De acordo com a Polícia Militar, cerca de 60 estudantes das universidades estaduais participaram da manifestação em frente à Secretaria Estadual da Educação. Em seguida, o grupo caminhou até o prédio da Reitoria da Unesp, onde aconteceria uma reunião entre os reitores das universidades paulistas. No entanto, o encontro acabou cancelado antes mesmo do início do ato.
Vereador diz que foi cercado durante manifestação
Rubinho Nunes relatou que tentou conversar com os manifestantes, porém afirmou ter sido recebido com hostilidade. Além disso, o vereador declarou que sofreu agressões com socos, chutes e objetos arremessados durante o tumulto.
“Fui até o local para dialogar com os estudantes, mas fomos cercados e agredidos. Tentaram nos encurralar e houve arremesso de cones e outros objetos”, afirmou o parlamentar. Depois disso, ele procurou atendimento no Hospital São Luís Morumbi, onde os médicos confirmaram a fratura no nariz.
A manifestação terminou após o início de uma briga generalizada envolvendo participantes do ato e vereadores presentes no local. Nos últimos dias, o também vereador Adrilles Jorge vinha publicando críticas à greve dos estudantes da USP nas redes sociais.
Polícia e estudantes divergem sobre ação durante protesto
Após a confusão, Rubinho Nunes publicou um posicionamento nas redes sociais. Segundo ele, uma multidão tentou agredir integrantes de sua equipe durante a tentativa de diálogo com os estudantes.
Ainda de acordo com a Polícia Militar, os agentes precisaram intervir para controlar a situação. A corporação informou que não utilizou balas de borracha, gás lacrimogêneo ou gás de pimenta. Por outro lado, os estudantes contestam essa versão e afirmam que houve uso de agentes químicos para dispersar o protesto.
Em nota, a Secretaria de Segurança Pública informou que a ocorrência envolveu uma briga generalizada e que a PM controlou a situação rapidamente.
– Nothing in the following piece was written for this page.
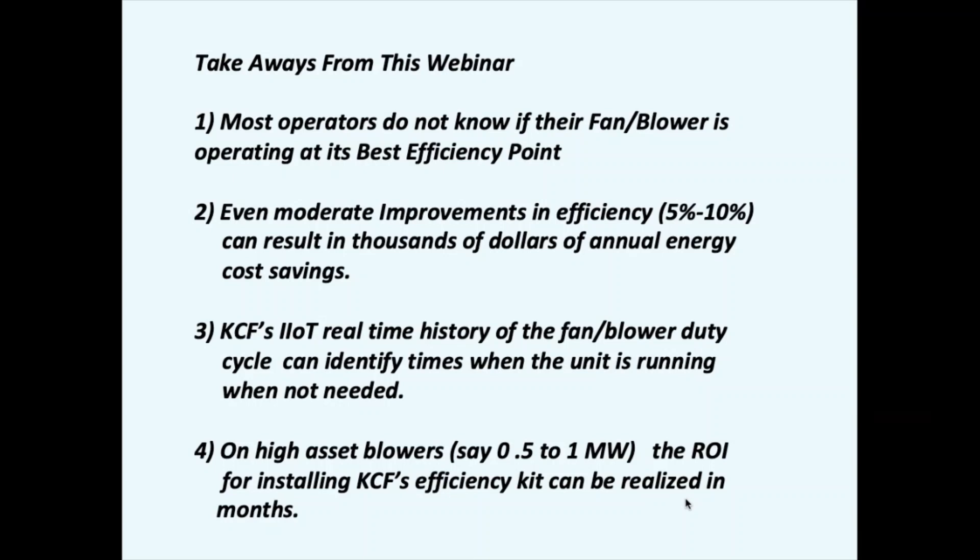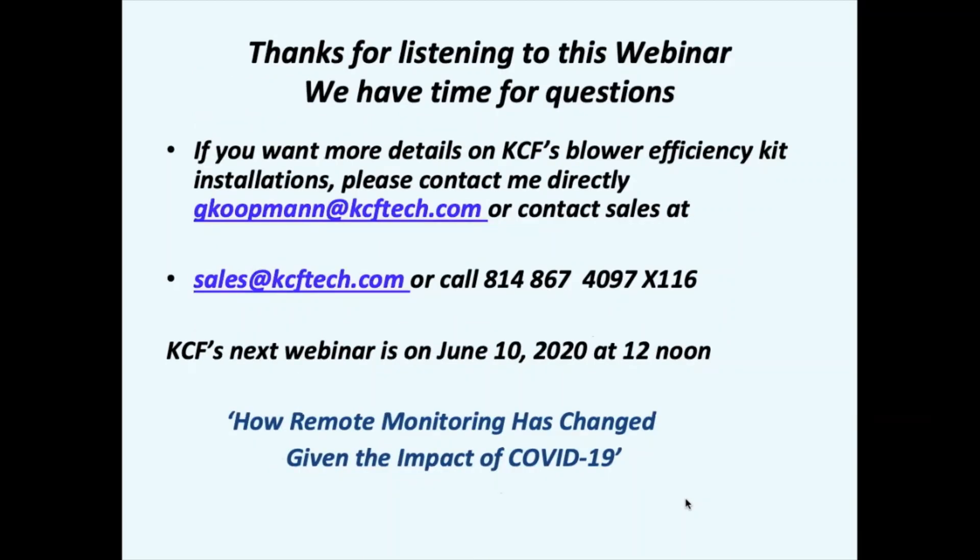Thanks for listening to this webinar. For more details on the efficiency kit and its installation, please contact me directly: gary.coopman@kcftech.com, or our sales team at sales@kcf.com, or call the listed number and you'll have a person to talk to. Also, KCF's next webinar is on June 10th at 12 noon on how remote monitoring has changed given the impact of COVID-19. I'll now ask Cassie if there are any questions from the group.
Além disso, a pasta afirmou que não havia registro oficial de feridos até o momento e que a manifestação continuou de forma pacífica após a intervenção policial.
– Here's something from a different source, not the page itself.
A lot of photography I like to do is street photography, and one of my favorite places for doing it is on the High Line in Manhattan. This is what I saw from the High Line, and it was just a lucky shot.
Greve estudantil motivou manifestação
A mobilização estudantil ocorre em meio à greve de alunos da Universidade de São Paulo e de outras universidades estaduais paulistas. O principal motivo do movimento é o pedido de reajuste do auxílio permanência estudantil, pago por meio do Programa de Apoio à Permanência e Formação Estudantil (PAPFE).
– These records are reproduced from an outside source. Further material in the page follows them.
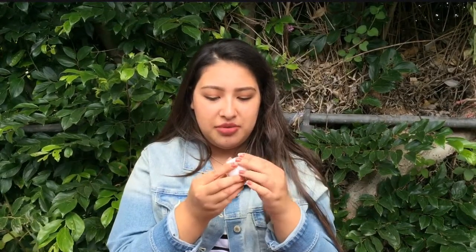Then I have a lip balm — it's just a random lip balm and it looks like the EOS ones. And then I have two receipts from Ross.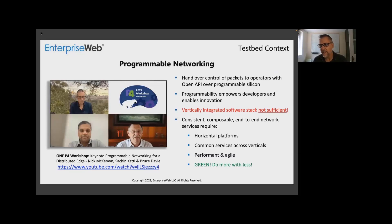I wanted to give a little bit of context. Many of you are probably familiar with programmable networking, but even if you've been following the movements with the ONF and P4 Corps, I highly recommend a talk from just last week — it's available on YouTube. You can look it up as ONF P4 Workshop 2022. There was a keynote by Nick McEwen, Sacha Mikati, and Bruce Davey, who did a great job walking through the motivation for programmable networking, its history, challenges and stumbling blocks, as well as the future.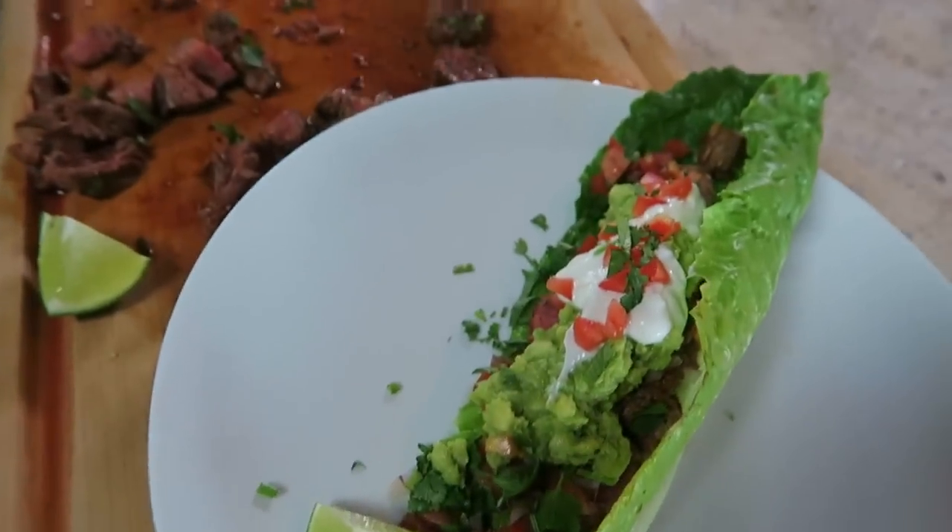The best part of filming these recipe videos is to eat the food. Delicious. A couple of recipes in and it's so good. Actually, I didn't put any salt on there.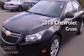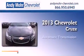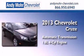This is a brand new 2013 Chevrolet Cruze. This car has an automatic transmission and an inline four-cylinder engine.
Atualmente, estudantes que não vivem em moradias estudantis recebem R$ 885 mensais, enquanto moradores dos alojamentos recebem R$ 330. Entretanto, os alunos reivindicam aumento do benefício para R$ 1.804, valor equivalente ao salário mínimo paulista.
A Reitoria da USP informou, em comunicado divulgado no fim de abril, que não atenderia ao pedido de reajuste. Além disso, o documento encerrou as negociações relacionadas às demais reivindicações apresentadas pelos estudantes.
PM desocupa Reitoria da USP
No último domingo (10), a Polícia Militar realizou a desocupação da Reitoria da USP, ocupada desde quinta-feira (7). Vídeos divulgados nas redes sociais mostram o uso de bombas de efeito moral, gás lacrimogêneo e cassetetes durante a retirada dos estudantes do prédio.
Segundo o Diretório Central dos Estudantes (DCE), dezenas de alunos ficaram feridos e quatro pessoas foram detidas durante a ação policial. Além disso, o movimento estudantil responsabilizou a reitoria da universidade pela operação realizada no campus.